My Brush with Hillary
A recent two-day shoot took such crazy turns, you may think I’m making this story up!
RESOLVE: The National Infertility Association wanted my help in creating its annual gala video — a tribute to one of its foremost volunteers and advocates, Risa Levine. Risa is also an avid political campaigner with some VIP connections we wanted to include. One of those people was Hillary Clinton.
As exciting as it was to have Secretary Clinton agree to be interviewed in New York City, it also posed some logistical challenges, since we wouldn’t know when and where she would be available until the last minute. This put me in a tight squeeze, as when we learned the selected date, I was already scheduled to be in Sacramento the next day for another client’s project. I rearranged my travel plans, booked a 5:15pm flight to Sacramento out of JFK, and crossed my fingers with hopes Mrs. Clinton’s interview would be early in the day.
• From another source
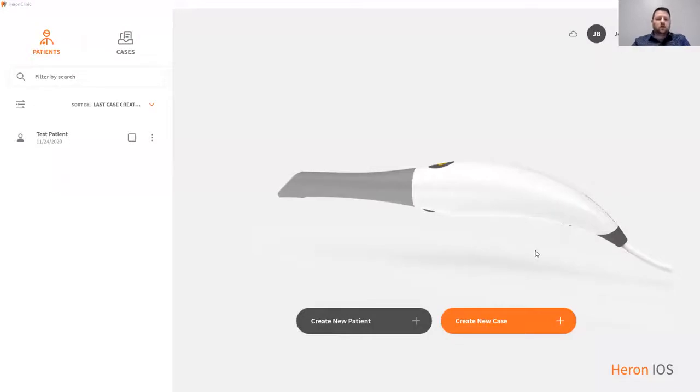I'm now going to demonstrate the Heron IOS software, Heron Clinic. Our software is designed for simplicity.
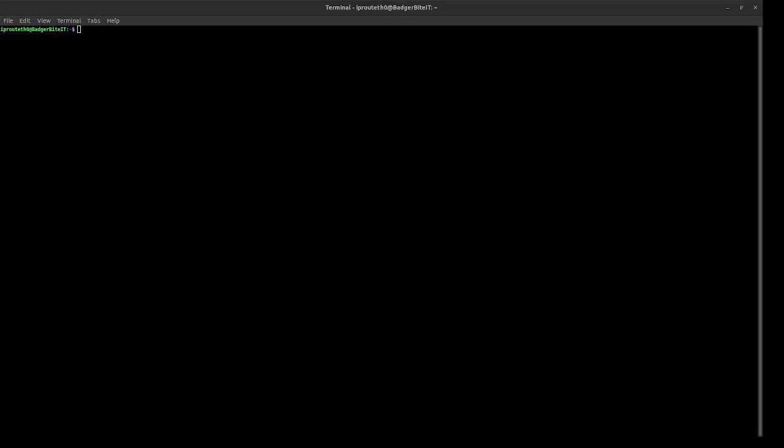And here we go. We are going to install Proxmox on our new Hetzner server. Let's get started.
Then, another snafu: a scheduling conflict left us without a place to shoot our interviews on Day 1. Luckily, my client Rebecca at RESOLVE suggested we use Peerspace. It’s like Airbnb, but rents apartment and studio spaces by the hour for photography and video shoots. We booked a location and stayed on schedule.
The morning of our second day of filming, we were told Secretary Clinton would give us 15-minutes at 2:30pm. Perfect! That would give me time to conduct the interview, get in a waiting car and be at the airport in time for my cross-country flight. Alas, a few hours later, Clinton pushed back her interview until 4pm. We enlisted Rebecca to conduct the interview.
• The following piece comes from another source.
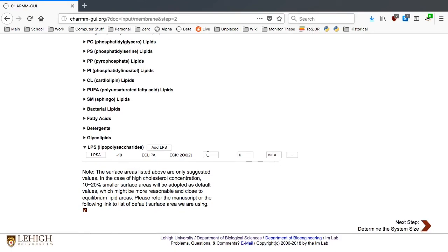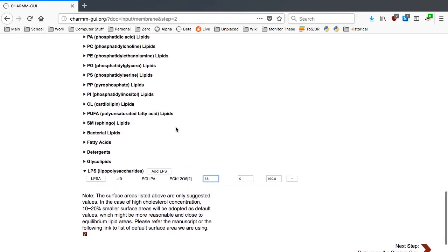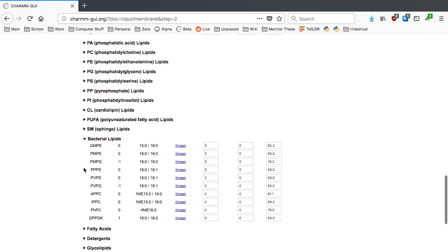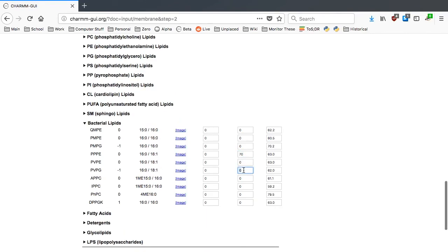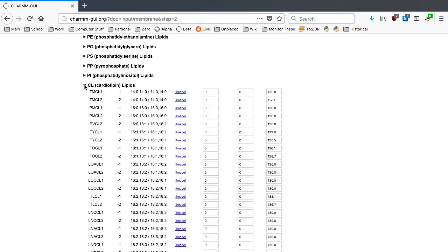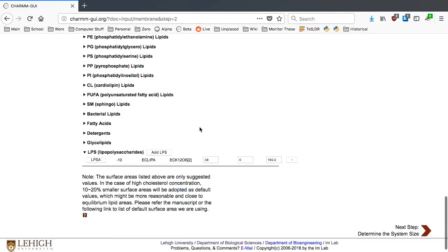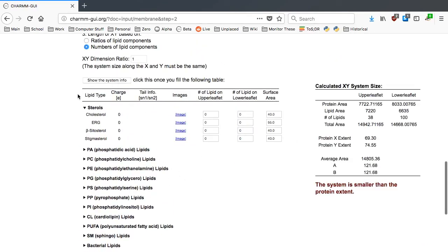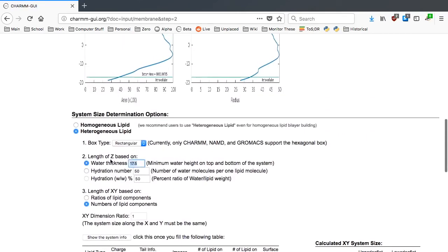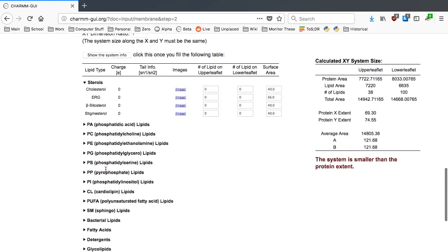In this tutorial, we will add 38 E. coli LPS in the upper leaflet. In the lower leaflet, we will add 75 PPPE, 20 PVPG, and 5 PVCL2. Once you are done with that, click the Show System Info button. Change the water thickness to 30 angstroms and proceed to the next step.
Of course, now that we had Plan B in place, something was bound to happen. Enter an ambulance ride for our backup plan. (Don't worry, she's on the mend!) But what to do? Think quick! We asked Risa if she would do the interview with Secretary Clinton and - yes - ask questions about herself!
While nothing went according to plan, in the end it all worked out. I helped set up the shot for the Clinton interview and managed to catch my plane. Risa did an amazing job of handling the interview, and Rebecca got to go home the next day.
What did I learn from this experience to share with you?
1. Tap into Your Team: Hillary Clinton’s often-recited quote, “It takes a village” rang true for this production. Pull on other people, even ones you don’t think you can, to pitch in and help. Rebecca knew about Peerless and I picked the space. Risa was an amazing first-time interviewer. Barb, RESOLVE's CEO, came up with additional content on the spot to take advantage of extra filming time. This production could not have happened without all members of the team.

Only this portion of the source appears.